CPF la logique d’abondement défiscalisé

Jean-Thomas Lesueur, délégué général de l’Institut Thomas More, et Michel Fourmy, spécialiste en management des ressources humaines, expert auprès de l’Institut Thomas More, étaient les invités de l’émission Good Morning Business, sur BFM Business et présente sa logique d’abondement défiscalisé pour le CPF

L’institut Thomas More qui a publié une note sur la formation professionnelle pour aller au-delà du plan Pénicaud. D’après cette note,

80% des heures de formation disponibles ne sont pas consommées et la gouvernance du système absorbe 10% des 32 milliards d’euros annuels dépensés dans le domaine.

Comment doivent réagir le gouvernement et les entreprises face à ces chiffres ? Quid de la réforme de la formation professionnelle ?

Quelles sont les propositions avancées par l’institut pour améliorer le secteur ? Avec Michel Fourmy, spécialiste de la formation et de la gestion de compétences et Jean-Thomas Lesueur, délégué général de l’institut Thomas More. – Good Morning Business, du vendredi 27 avril 2018, présenté par Stéphane Soumier, sur BFM Business.
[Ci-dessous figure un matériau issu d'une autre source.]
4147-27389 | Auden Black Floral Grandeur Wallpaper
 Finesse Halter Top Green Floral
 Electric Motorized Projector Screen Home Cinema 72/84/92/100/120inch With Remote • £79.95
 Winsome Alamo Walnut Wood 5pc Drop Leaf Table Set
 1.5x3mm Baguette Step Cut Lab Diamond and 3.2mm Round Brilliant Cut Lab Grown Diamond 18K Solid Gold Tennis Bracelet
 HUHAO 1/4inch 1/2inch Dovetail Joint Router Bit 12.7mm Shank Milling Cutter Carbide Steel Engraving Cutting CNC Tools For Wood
Conclusion de la note « FormationPro | 6 propositions pour aller plus loin »

Imaginons que ces six propositions soient adoptées et viennent enrichir et renforcer la réforme en cours. Les régions deviendront les pilotes des politiques publiques de formation, en lien étroit avec les acteurs locaux et les bassins d’emploi. Elles auront un dialogue enrichi avec les entreprises, qui disposeront d’outils de GPEC conçus avec les partenaires sociaux.

Les demandeurs d’emploi et les primo-accédants à l’emploi bénéficieront de politiques publiques financées par la contribution de 1% des entreprises. Ils se formeront auprès d’organismes agréés dont les qualités pédagogiques auront été validées. Les jeunes bénéficieront de cursus en alternance parfaitement adaptés aux besoins de leur région. Les entreprises financeront librement leur politique de formation et la structureront avec les partenaires sociaux, dans le cadre d’une GPEC à trois ans. Cette liberté aura pour contrepartie une obligation de résultat sur l’employabilité de leurs collaborateurs. Les actifs, enfin, auront une conscience claire des enjeux de leur employabilité et seront incités à s’approprier leur parcours professionnel, avec l’appui de l’État et de leur entreprise.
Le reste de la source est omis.